By default, the list shows the top matters with the highest uninvoiced billable value for the selected time period.

How to read this chart

  1. Begin at the top of the list — these matters have the most revenue waiting to be billed.

  2. Review Unbilled Amount to understand financial impact.

  3. Check Oldest Unbilled Age (Days) to identify billing risk.

  4. Use Last Time Recorded to determine whether the matter is active or stalled.

Matters with both high unbilled value and high age should be prioritized for billing review.

Navigation and interaction

  • Click a Matter Name to open the Matter details.

  • Click a Client Name to open the Client profile.

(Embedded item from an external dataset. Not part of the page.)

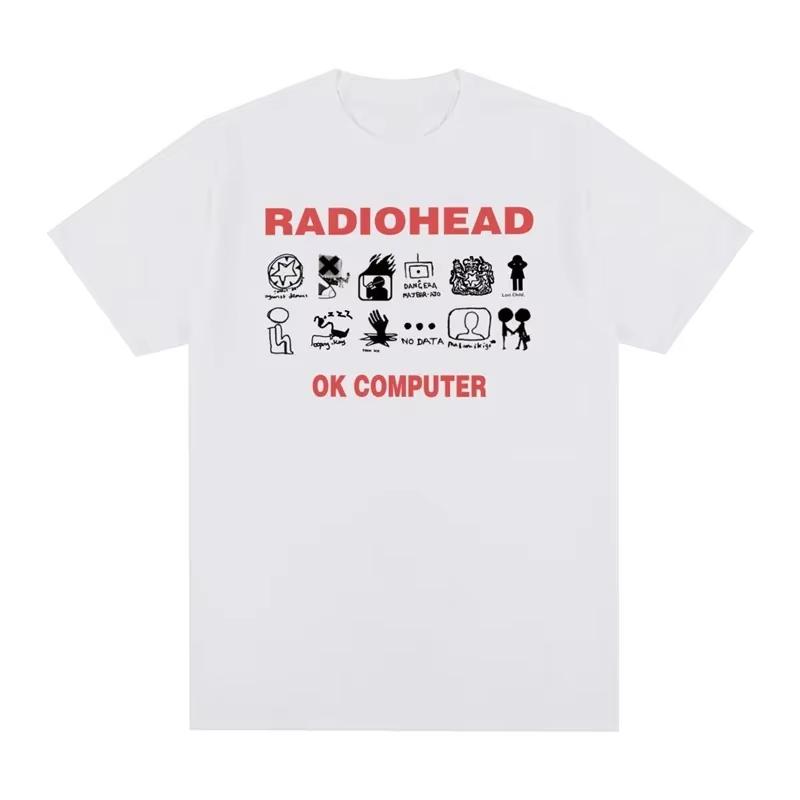 Радиохед Винтажная Футболка OK Computer Модная Летняя Хлопковая С Круглым Вырезом Дышащий Повседневный Топ для Мужчин 2XL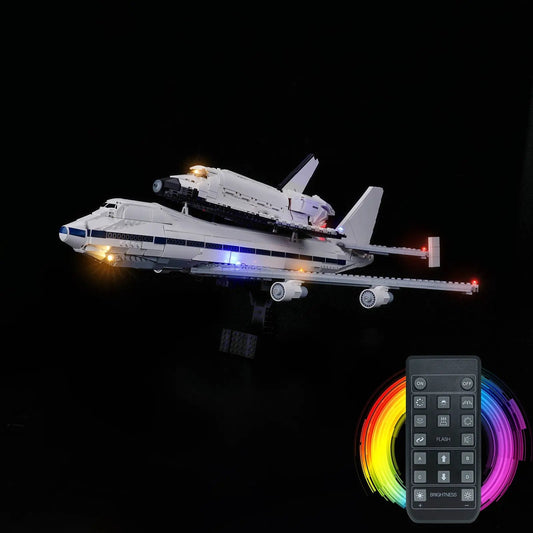 LEGO® Icons Shuttle Carrier Aircraft #10360 — front view fully lit (USB-powered LED light kit)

From there, you can review time entries, prepare invoices, and coordinate billing follow-ups directly.

Personalizing this chart

You can control how many matters appear in the list:

  1. Click the three-dot (⋯) menu in the top-right corner of the chart.

  2. Select the number of matters to display (for example: Top 5, Top 10, or Top 20).
    This allows you to either focus on the highest-risk matters or review a broader set of pending billing items.

How to use this chart

  • Use it during weekly or monthly billing reviews

  • Assign follow-ups to billing staff or responsible timekeepers

  • Identify matters where billing is consistently delayed

  • Monitor whether large WIP balances are being cleared on time


6. Top X Utilized Timekeepers

This chart provides a firm-wide view of which timekeepers are using their available time most effectively. It measures how much of each user’s target workload is converting into billable work, helping leadership quickly see who is exceeding or falling short of expectations, whether work is evenly distributed across the team, and where staffing or capacity adjustments may be needed.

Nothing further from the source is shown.